# DATA EXCERPT
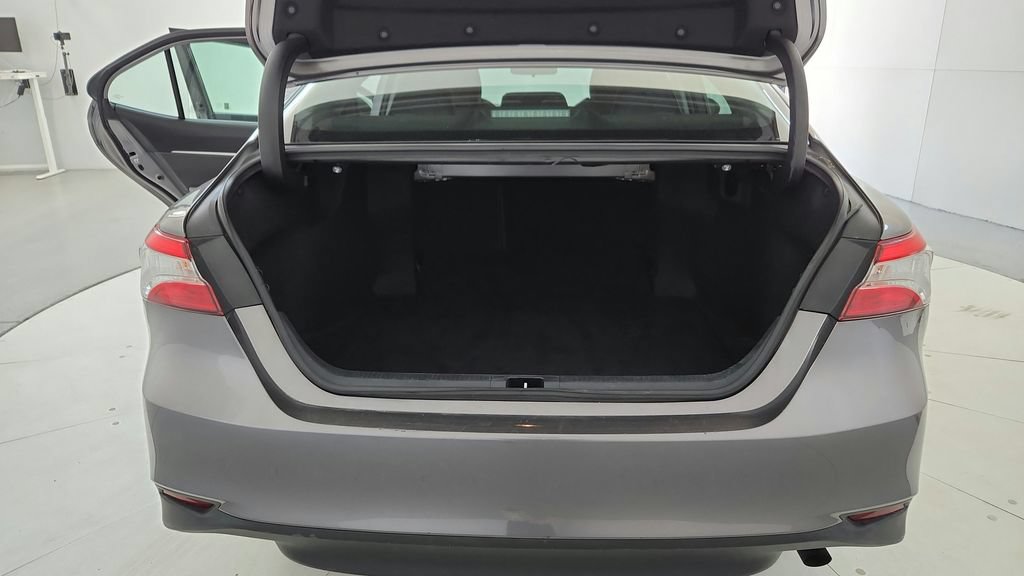 Certified 2018 Toyota Camry LE FWD image 20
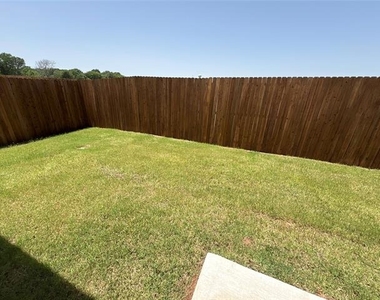3022 Serenity Lane - Photo Thumbnail 14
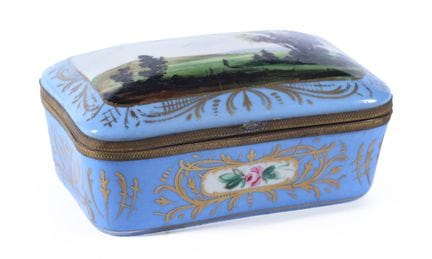 Box made of Limoges porcelain, decorated with a la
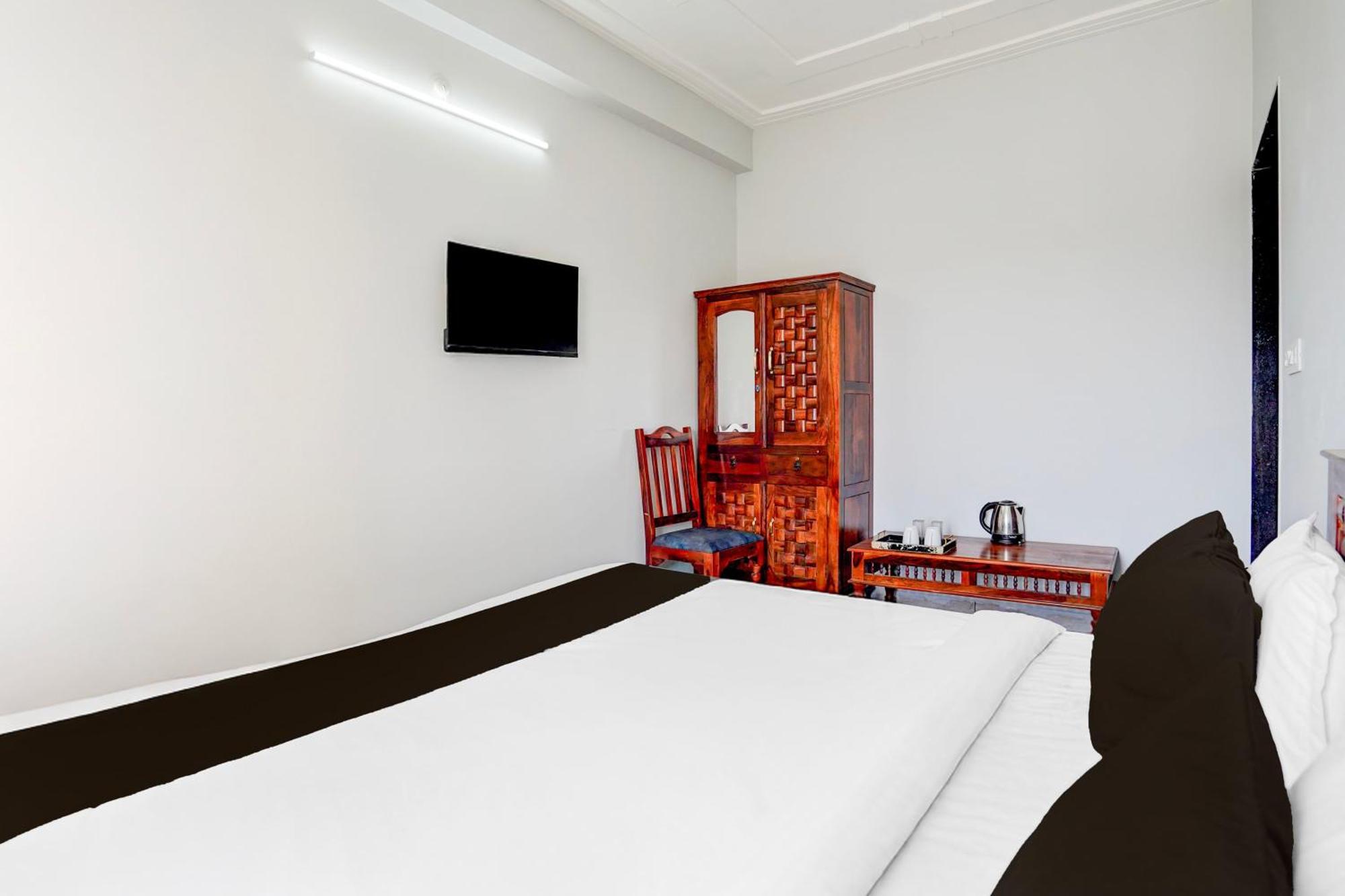 Hotel O Shree Gurukripa Khātu 外观 照片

# EXERCISE PROMPT
The whole listing is to be duplicated verbatim, apart from its images.

# FINISHED TASK
 Certified 2018 Toyota Camry LE FWD image 20
3022 Serenity Lane - Photo Thumbnail 14
 Box made of Limoges porcelain, decorated with a la
 Hotel O Shree Gurukripa Khātu 外观 照片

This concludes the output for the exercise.